INPUT RECORDS →
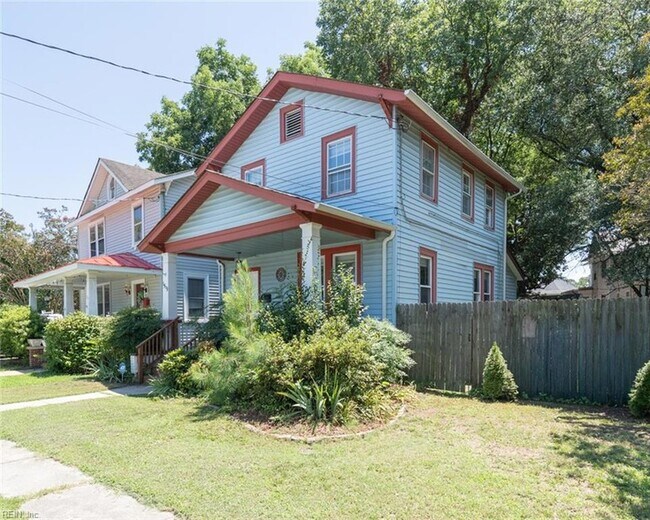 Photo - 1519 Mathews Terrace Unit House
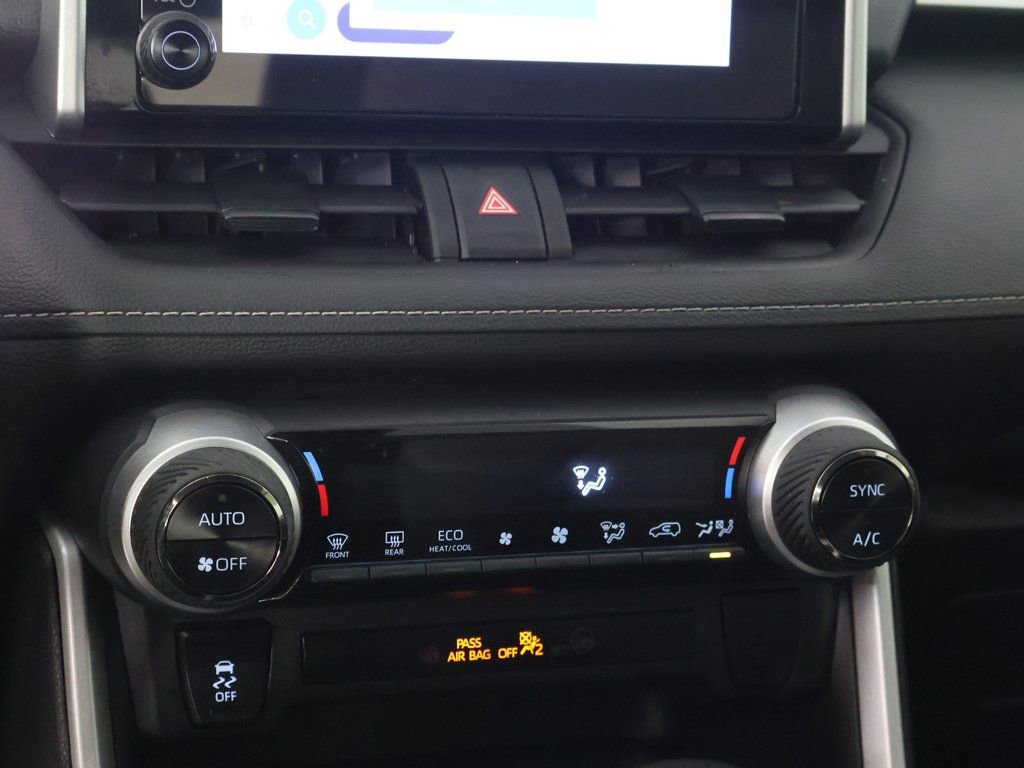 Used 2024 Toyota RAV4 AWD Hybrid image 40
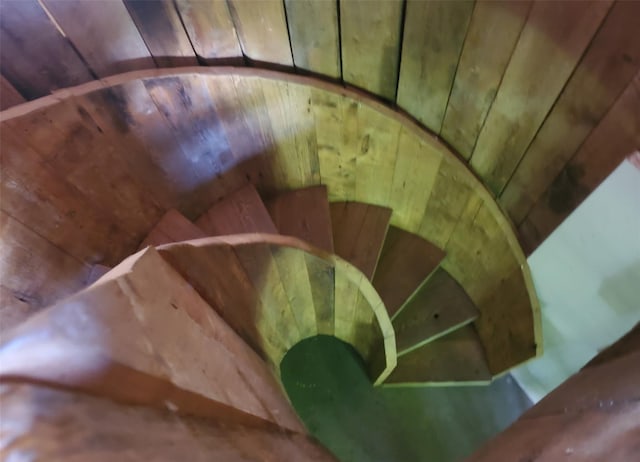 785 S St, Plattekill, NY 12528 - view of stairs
* * *
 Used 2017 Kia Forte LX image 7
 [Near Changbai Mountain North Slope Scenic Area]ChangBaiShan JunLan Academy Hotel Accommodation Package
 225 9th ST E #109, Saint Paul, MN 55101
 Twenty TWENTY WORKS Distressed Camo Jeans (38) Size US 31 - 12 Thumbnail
...
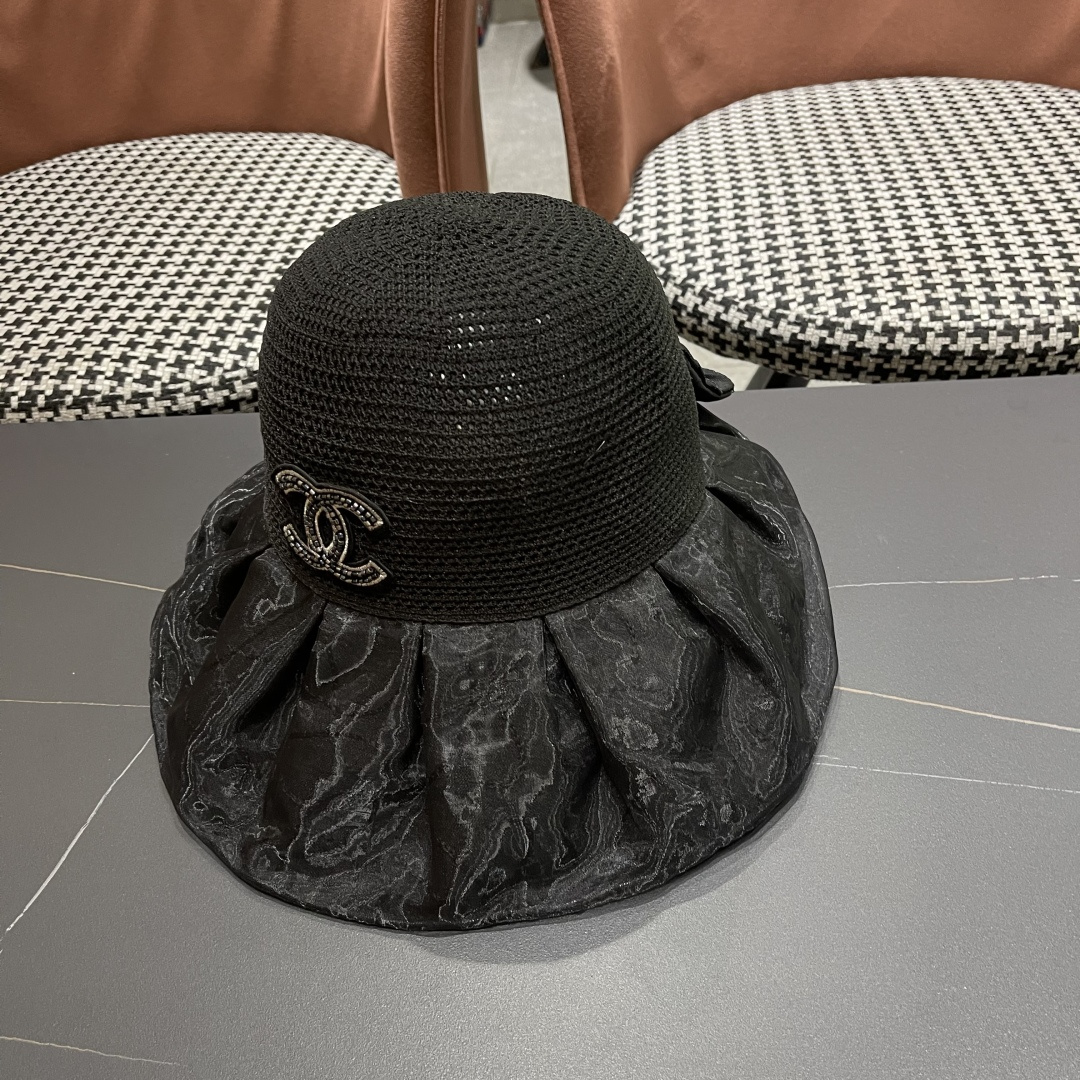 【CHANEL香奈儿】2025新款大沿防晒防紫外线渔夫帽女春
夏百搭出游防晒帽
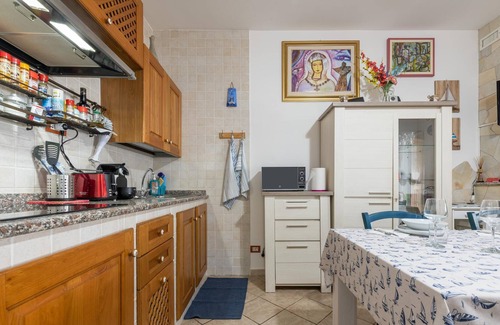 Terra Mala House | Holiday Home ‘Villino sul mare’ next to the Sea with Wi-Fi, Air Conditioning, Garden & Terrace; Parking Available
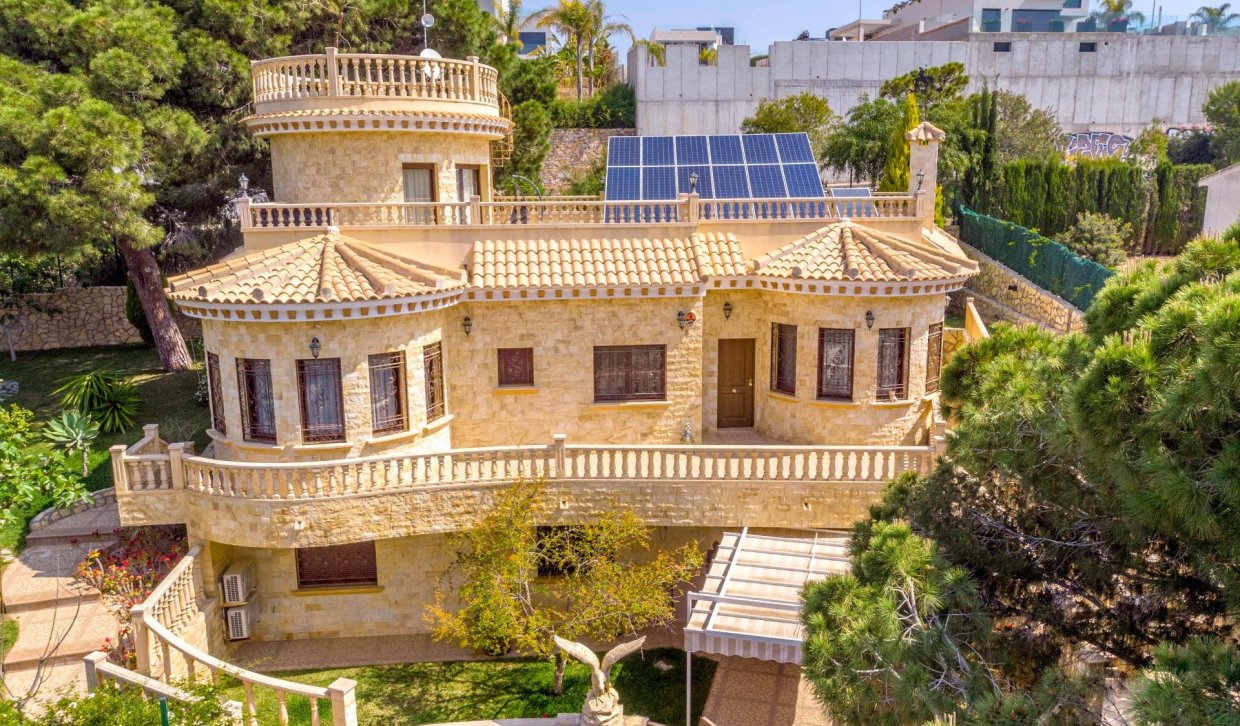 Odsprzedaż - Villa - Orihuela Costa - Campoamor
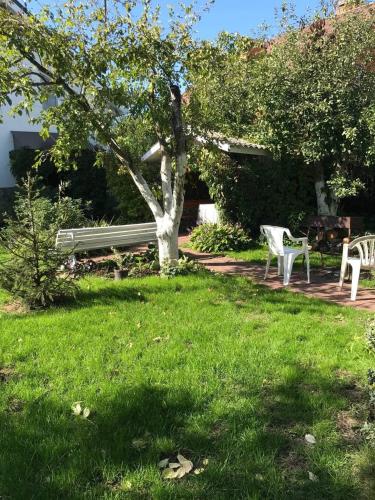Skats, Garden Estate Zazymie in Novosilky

WHAT YOU SHOULD DO → Begin at the line in the entries above that has "Odsprzedaż - Villa", stop after the line that has "Skats, Garden Estate Zazymie in Novosilky", and output exactly those lines without pictures.

RESULT OF THIS TASK →
 Odsprzedaż - Villa - Orihuela Costa - Campoamor
Skats, Garden Estate Zazymie in Novosilky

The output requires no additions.